Warn about the danger of unplugging the USB stick before shutting down
While discussing !1586 with @intrigeri he suggested changing the behavior when the USB stick is unplugged. Right now, this triggers an emergency shutdown: https://tails.net/doc/first_steps/shutdown/.
We wondered whether too many people use this feature too lightly and how much this might lead to corrupted Persistent Storage file system.
Instead of triggering an emergency immediately and in all situation, maybe we should:
- If there is not Persistent Storage, trigger the emergency shutdown as we're doing right now.
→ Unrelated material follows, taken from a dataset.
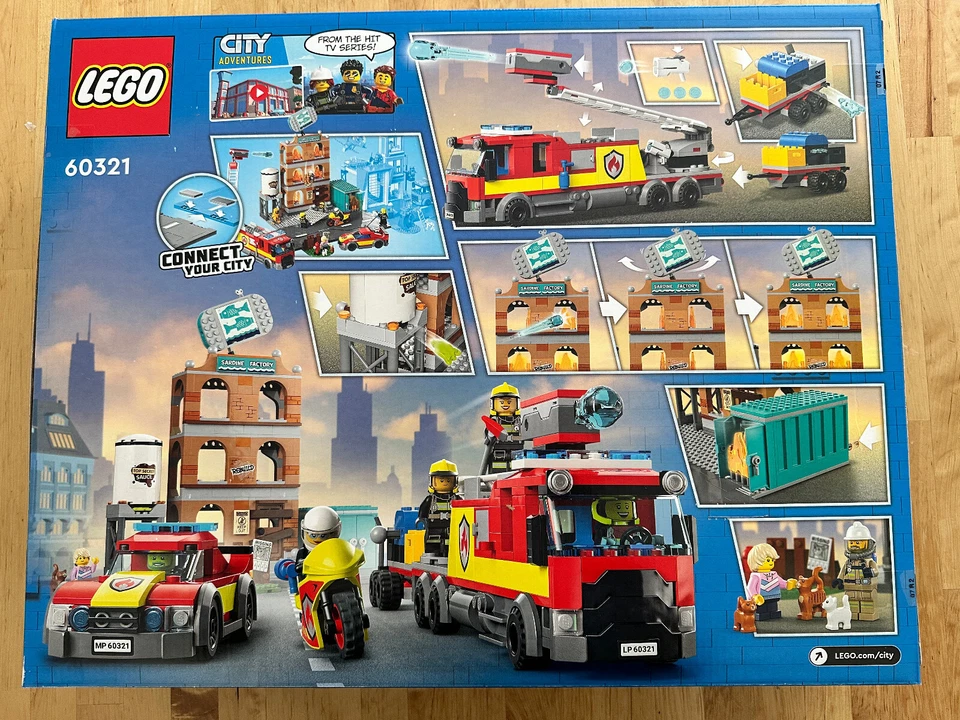 LEGO CITY: Conjunto de Brinquedo e Bombeiro Caminhão de Bombeiros #60321 NOVO NA CAIXA APOSENTADO - Imagem 4 de 4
- If there is a Persistent Storage, we could instead:
* Display a warning to discourage people from unplugging when there is not emergency
* Allow to press any key to trigger the emergency shutdown anyway from the warning
* ~~Trigger a `sync` on the USB stick~~ (impossible)
* Have a short timeout before doing an emergency shutdown anyway
# Remaining design questions
* Could we also trigger automatically a `sync` on the USB stick when the screen gets locked and still trigger the emergency shutdown when the screen is locked?
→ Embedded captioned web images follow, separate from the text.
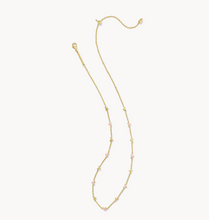 Load image into Gallery viewer, Kendra Scott Haven Strand Necklace Pink Enamel in Gold or Silver
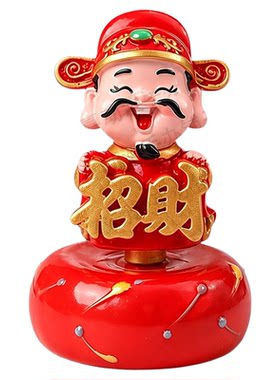 景德镇财神陶瓷招财转运摆件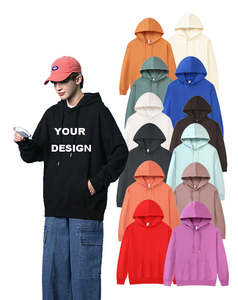 Sudadera con Capucha Personalizada con Estampado Frontal para Hombre, 100% Algodón, Moda de Primavera, Transpirable, Tejida, Talla Grande - Product Image 1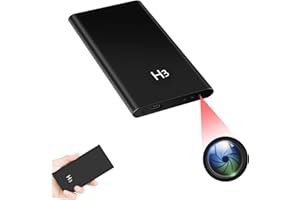 LXMIMI Telecamere Spia, Portatile Telecamera Nascosta Power Bank, Visione Notturna & 1080P HD Microcamera Spia Oltre 20 Ore di Lavoro per la Registrazione Video e Lo Scatto di Foto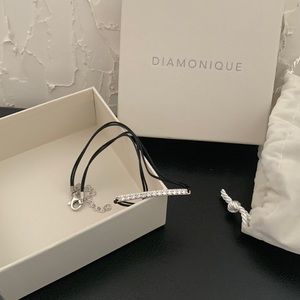 Diamonique necklace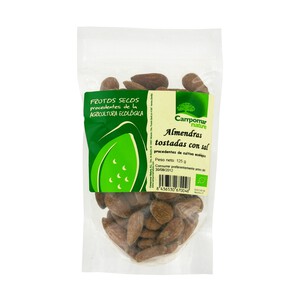 Imagen de CAMPOMAR NATURE Almendras Tostadas con sal ecológicas 125 g.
* What could be other causes of file system corruption on the Persistent Storage that we could help prevent upfront?
# To Do
* [ ] Design the UI/UX
* [x] Write some code to "bubble up" from the udev event up to some UI
* [x] Configure memlockd to keep this code in memory
* [ ] Report upstream about `--no-ok` and `--auto-close` (@sajolida)
# Implementation ideas
- Zenity? Zenity progress bar?
* We will not go as far as we want, but maybe this could be enough anyway?
* Easy to reach a first working prototype
* Easy to memlock
- GNOME Shell extension that acts as a modal dialog and lock the screen and grabs the focus and keyboard? Javascript! Ask help from the Applications Team.
* We can probably steal the code from some Gnome extension, but how maintainable is it (for us, not super-savvy in that are)?
- Learning JS (in the context of GNOME Shell) requires some investment, but it could be worth it for the future, because of how much we rely on GNOME.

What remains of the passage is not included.